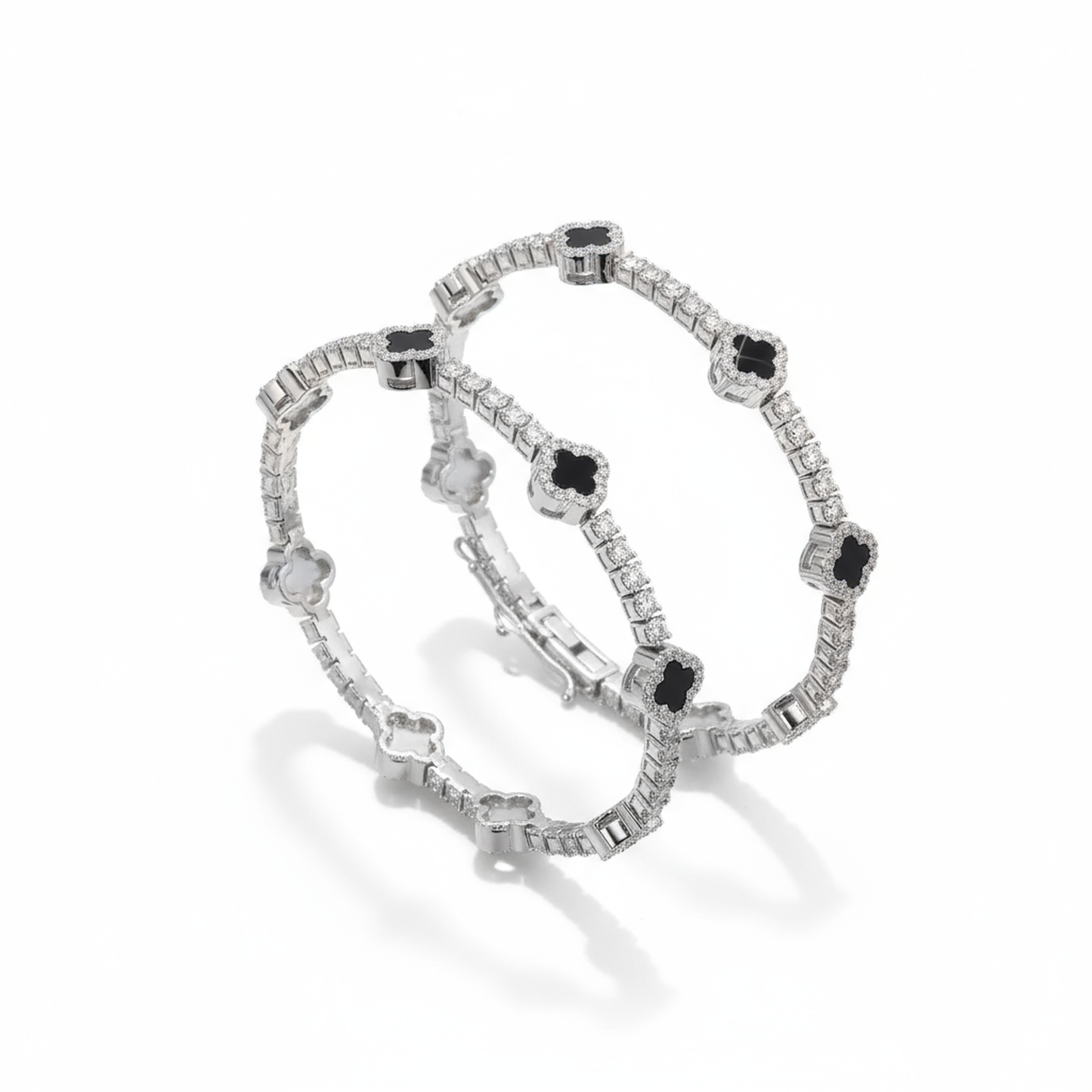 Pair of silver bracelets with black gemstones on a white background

┄┄┄┄┄┄

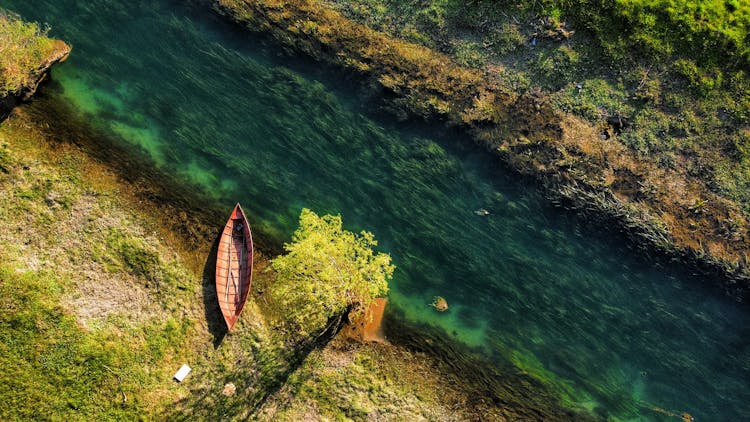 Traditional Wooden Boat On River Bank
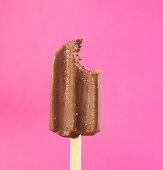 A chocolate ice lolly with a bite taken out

┄┄┄┄┄┄

ASSIGNMENT
Reproduce, exactly and only, the lines of the records above starting at the line with "Traditional Wooden Boat On River Bank" and ending at the line with "A chocolate ice lolly with a bite taken out", both included. Leave every picture out.

EXPECTED ANSWER
 Traditional Wooden Boat On River Bank
 A chocolate ice lolly with a bite taken out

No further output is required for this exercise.